As early as February 2013, The New York Times and The Wall Street Journal were reporting Apple’s progress on its yet-to-be-released smartwatch. Seven months before the official fall release, however, CCG Consulting posted, “Wearables Were Doomed to Fail.” Concentrating on the fitness trainers and already existing smartwatches, the analysts noted that 90 million wearables were expected to ship in 2014, but the actual count was closer to 52 million.
The writers warned, “Apple is trying hard to paint the smartwatch as something brand new, but they look no more compelling to me. What can a smartwatch do that will significantly enhance my life if I am already carrying my smartphone?” The blog concluded, “Wearables in their current form don’t fit into very many people’s lives.”

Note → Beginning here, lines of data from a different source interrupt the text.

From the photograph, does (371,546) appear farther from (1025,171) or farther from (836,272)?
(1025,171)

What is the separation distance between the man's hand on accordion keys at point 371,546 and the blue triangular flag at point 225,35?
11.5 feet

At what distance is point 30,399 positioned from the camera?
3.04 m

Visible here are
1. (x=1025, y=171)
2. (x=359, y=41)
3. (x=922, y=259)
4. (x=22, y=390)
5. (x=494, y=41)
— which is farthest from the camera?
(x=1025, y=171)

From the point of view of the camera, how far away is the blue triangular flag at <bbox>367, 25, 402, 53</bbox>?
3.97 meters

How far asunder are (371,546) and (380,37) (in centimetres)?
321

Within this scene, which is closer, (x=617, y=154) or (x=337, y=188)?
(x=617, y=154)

Thirteen months after the Apple launch, Gizmodo posted a similar foreboding, “No One Is Buying Smartwatches Anymore.” It cited a major analyst to support the dismal situation. “The market intelligence from IDC reported on Monday that smartwatch shipments are down 51.6 percent year-over-year for the third quarter of 2016.” What it reported about Apple, the market leader, was even worse. Its numbers dropped 71.6%, shipping 1.1 million Apple Watches in Q3 2016, down from 3.9 million in 2015.
Jitesh Ubrani, senior research analyst for IDC Mobile, cast a long, dark shadow with a single sentence in his press release: “It has also become evident that at present smartwatches are not for everyone.” The IDC appraisal blamed the manufacturers because, “For all the promises of a smartwatch, actually living with one is often an underwhelming experience.”

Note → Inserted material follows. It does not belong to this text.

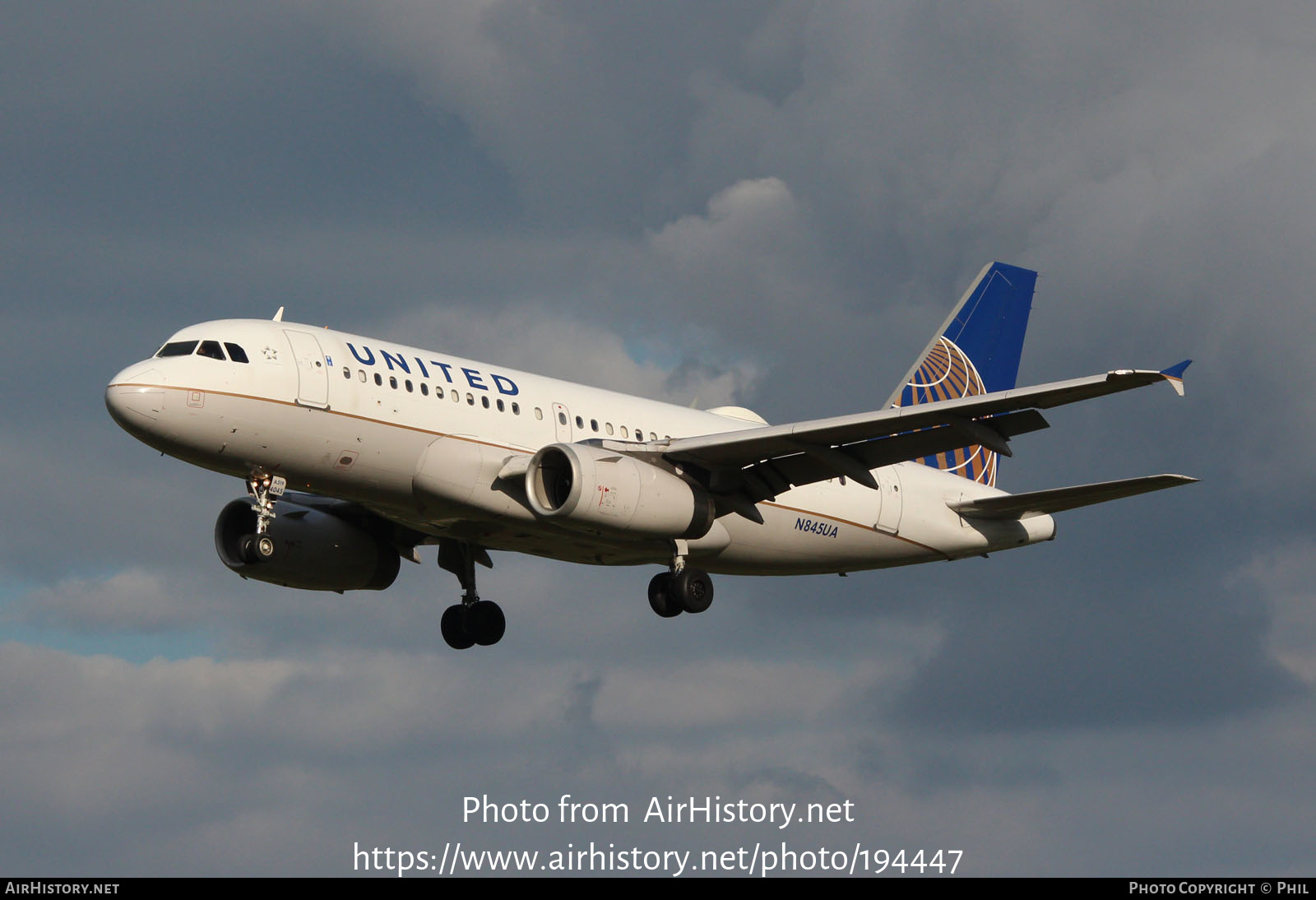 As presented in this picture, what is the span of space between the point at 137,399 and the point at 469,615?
12788mm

In April 2017, the skeptics became more certain, and headlines that resembled epitaphs were showing up on sites like mashable.com. “Face it: Smartwatches are totally doomed.” Karissa Bell wrote the piece, and she began with the usual list of complaints about underperforming, buggy technology, and some downright ugly designs. She concluded, however, with an insight that others had mentioned but that she claimed was the essential, fatal flaw.

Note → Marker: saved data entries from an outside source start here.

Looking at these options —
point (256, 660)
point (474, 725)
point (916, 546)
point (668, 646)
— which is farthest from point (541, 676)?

“These are all symptoms of the bigger problem with smartwatches, the one no one is talking about: watches, plain old analog watches, are dying a slow death and they are taking their ‘smart’ counterparts down with them.” If you’re a tech consumer, you likely have a smartphone. You probably check it very frequently, and the time and date appear on almost every page you tap to. Watches, smart and dumb, Bell concludes, are an expensive redundancy.
NICHE OR DIGITAL NECESSITY?
To be fair, there are indications that contradict this descent into oblivion.
In March 2019, Ge Li, writing in the Harvard Business School education website, posted a brighter outlook. Li opens with, “[The Apple smartwatch] became not only the most popular smartwatch but also the most popular watch in the world.” Support for the claim shows up in a bar graph showing that Apple shipped more watches than Switzerland in Q4 2017.
Two further indicators of a not-so-murky future is the release in September 2019 of the Series 5 Apple smartwatch and the long list of competitors featured at the 2019 IFA consumer electronics expo in Berlin, Germany. Fourteen smartwatches were debuted at the show to join eight other new models that were launched just weeks before the expo. Designers like Michael Kors (three new models), Emporio Armani, and Diesel on Axial joined the more recognizable names, including Garmin, Asus, and Withings.
Has the smartwatch entered the final stage of its evolution? It doesn’t seem so, especially given the possibilities for more sophisticated health monitoring, GPS tracking, and music and phone service. Will it serve only a select sector? That’s still subject to ongoing diagnoses.